* [Problem statement]:
There is one span to output from the data below: the lines starting at the line with "Sisley - %100" and ending at the line with "tatouage ephemere cou". Output it exactly, ends included, nothing more.

START Listed records

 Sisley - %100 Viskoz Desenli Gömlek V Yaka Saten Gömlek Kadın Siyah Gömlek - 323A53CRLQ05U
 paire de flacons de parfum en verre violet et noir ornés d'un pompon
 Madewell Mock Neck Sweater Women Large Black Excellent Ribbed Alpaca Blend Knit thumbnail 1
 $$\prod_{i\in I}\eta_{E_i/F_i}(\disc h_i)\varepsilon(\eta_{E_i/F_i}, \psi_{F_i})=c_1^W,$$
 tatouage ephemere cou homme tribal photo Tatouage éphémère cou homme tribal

END Listed records
START Listed records

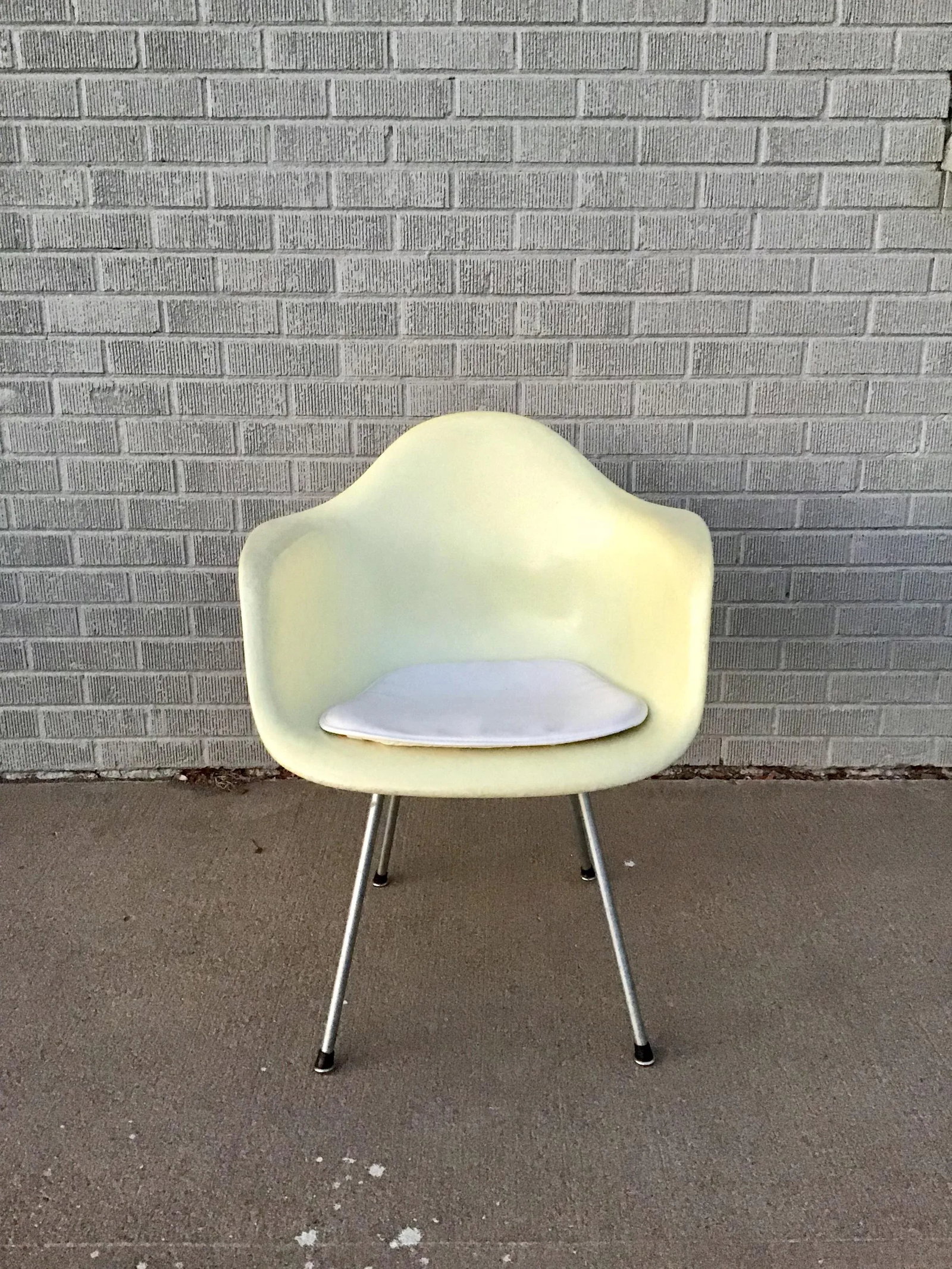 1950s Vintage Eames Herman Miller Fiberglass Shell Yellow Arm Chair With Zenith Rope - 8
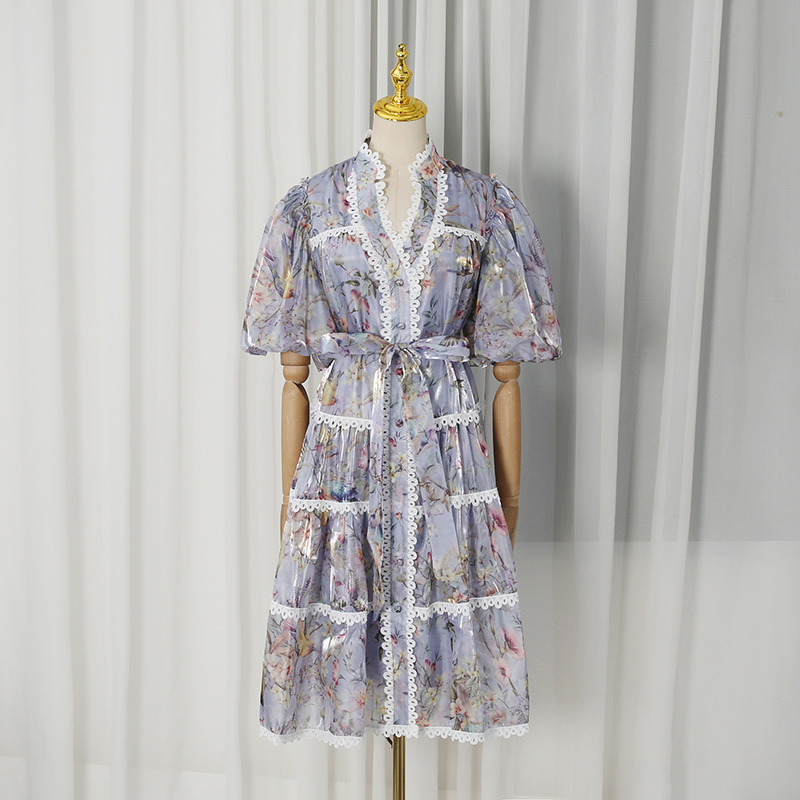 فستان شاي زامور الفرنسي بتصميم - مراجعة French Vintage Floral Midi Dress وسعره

END Listed records

* [Written answer]:
 Sisley - %100 Viskoz Desenli Gömlek V Yaka Saten Gömlek Kadın Siyah Gömlek - 323A53CRLQ05U
 paire de flacons de parfum en verre violet et noir ornés d'un pompon
 Madewell Mock Neck Sweater Women Large Black Excellent Ribbed Alpaca Blend Knit thumbnail 1
 $$\prod_{i\in I}\eta_{E_i/F_i}(\disc h_i)\varepsilon(\eta_{E_i/F_i}, \psi_{F_i})=c_1^W,$$
 tatouage ephemere cou homme tribal photo Tatouage éphémère cou homme tribal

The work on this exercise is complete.